Graham Hancock and The War on Consciousness
Graham Hancock presents evidence on his belief that there is life both before and after physical death. We are not our bodies. We are our consciousness. And consciousness is the greatest mystery of science.
Basic behavior - or morality, ethics, is the general parameter for consciousness formation. The "idea",or kernel, or what you are, is implicit in the actions animated by the behavior of others.
In about 100 experiments with Jaytee, Sheldrake ruled out various ordinary explanations. Smart came home at varied times, ruling out routine. She came home in taxis, in friends’s cars, or by foot, all to make sure the dog wasn’t just recognizing the sound of her car from afar.
It is not uncommon for people to telephone friends or relations who say that they were just thinking of calling them. Likewise, many people have had the experience of thinking of a particular person, with whom they have not spoken to for a while, who then calls them on the telephone later the same day. Some domestic animals, notably dogs and cats, also seem to anticipate telephone calls from particular people, their owners, while ignoring calls from other people (Sheldrake, 1999).

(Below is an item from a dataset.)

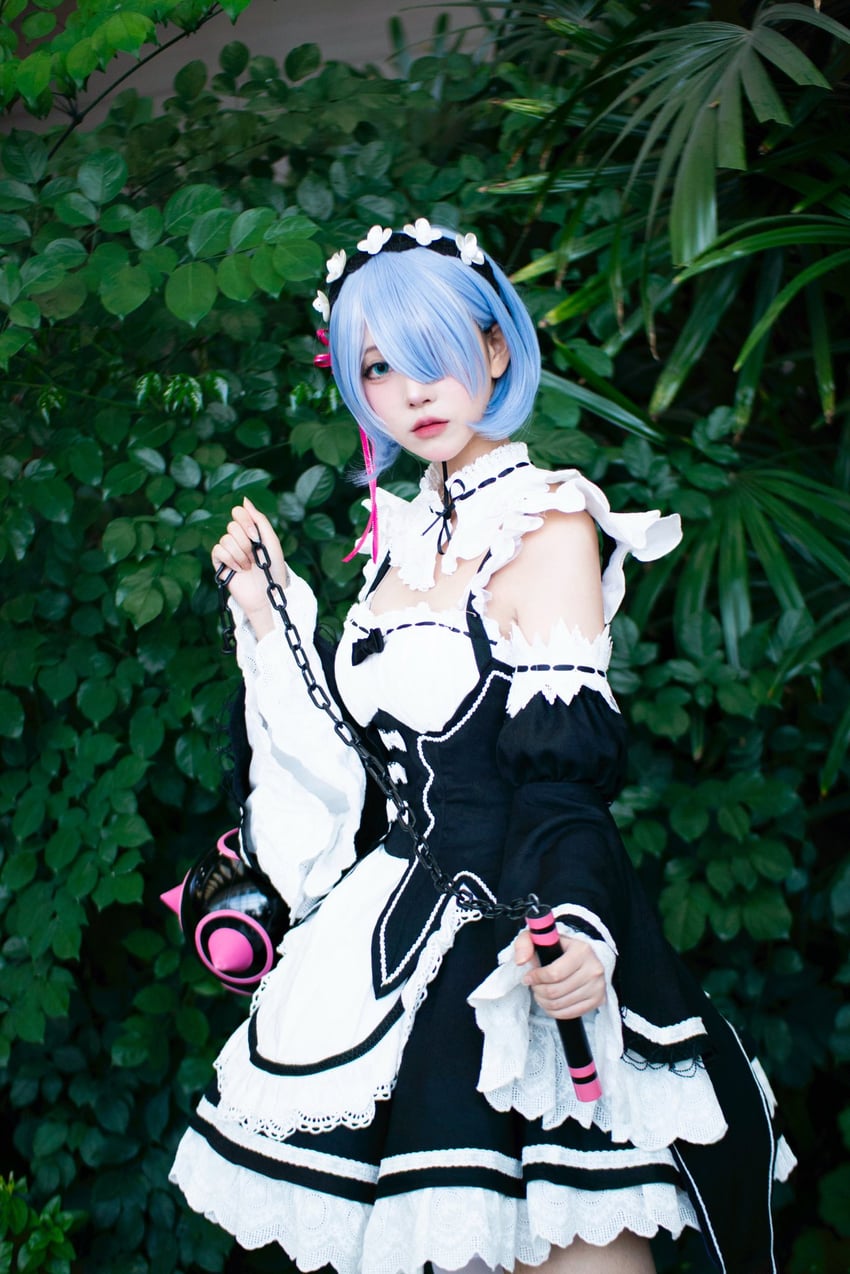 rem (re:zero kara hajimeru isekai seikatsu) by rooshyuaaa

Thinking is operating with reference to feeling, but is focusing on its mental objects, which threatens to dissociate from the category-situation created by the behavior i.e. the affect (shame/irritability/anger/depression) unless focalized. Hence, thinking and feeling need to be aligned; the mind must symbolize in language to properly manage feeling. It can only symbolize in language, however, if social situations reward the expression of such behavior.
In face-to-face situations, being rewarded by others' positive expression and acceptance may be the driving force of forming the structure of socialization, this being a basic need most of us share, however is it really to be considered a shared type of consciousness? Or, simply addressing basic human physical and emotional needs? Could thinking to be aligned with operating with reference to feeling fit nicely into specific emotional need cases?

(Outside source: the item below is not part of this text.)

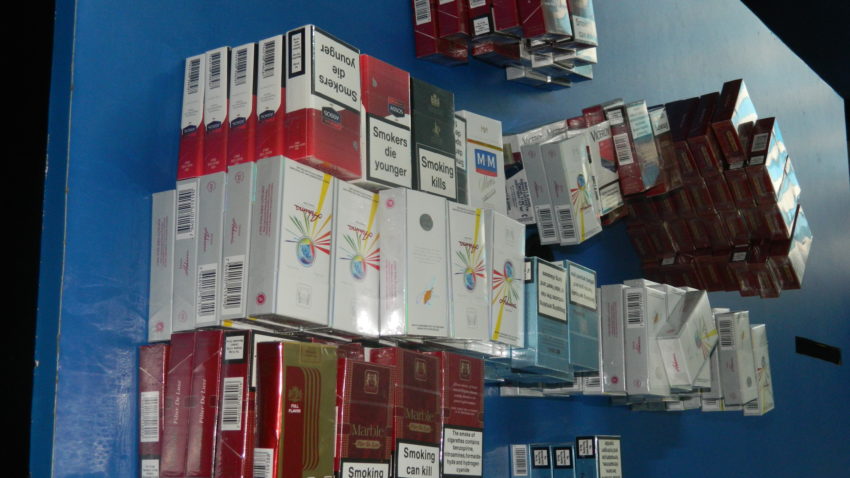 Ţigări de contrabandă, confiscate de jandarmi la Gară, în zona Eden şi în Piaţa Tomis III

originally posted by: Astrocyte
a reply to: InTheLight
In face-to-face situations, being rewarded by others' positive expression and acceptance may be the driving force of forming the structure of socialization, this being a basic need most of us share, however is it really to be considered a shared type of consciousness? Or, simply addressing basic human physical and emotional needs? Could thinking to be aligned with operating with reference to feeling fit nicely into specific emotional need cases?

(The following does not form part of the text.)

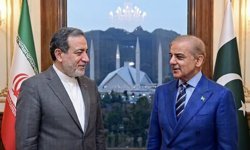 İran Dışişleri Bakanı Arakçi, Umman'ın ardından tekrar Pakistan'da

In early life - as a baby - the early brainstem represents and controls the whole cycle of perception and cognition; yet there is no consciousness of self in the baby. My 8 month old nephew is mesmerized by the tiniest little things; his hand; objects he can move through space; he loves rotation, and of course, loves putting the object in his mouth. Consciousness is there - mentation. But it is a very deep absorption in simple states: movement, objects, physical relations. Right now he is weaving his self together, and its from this weaving process that the self - as an integrated, neurodynamical entity - is formed.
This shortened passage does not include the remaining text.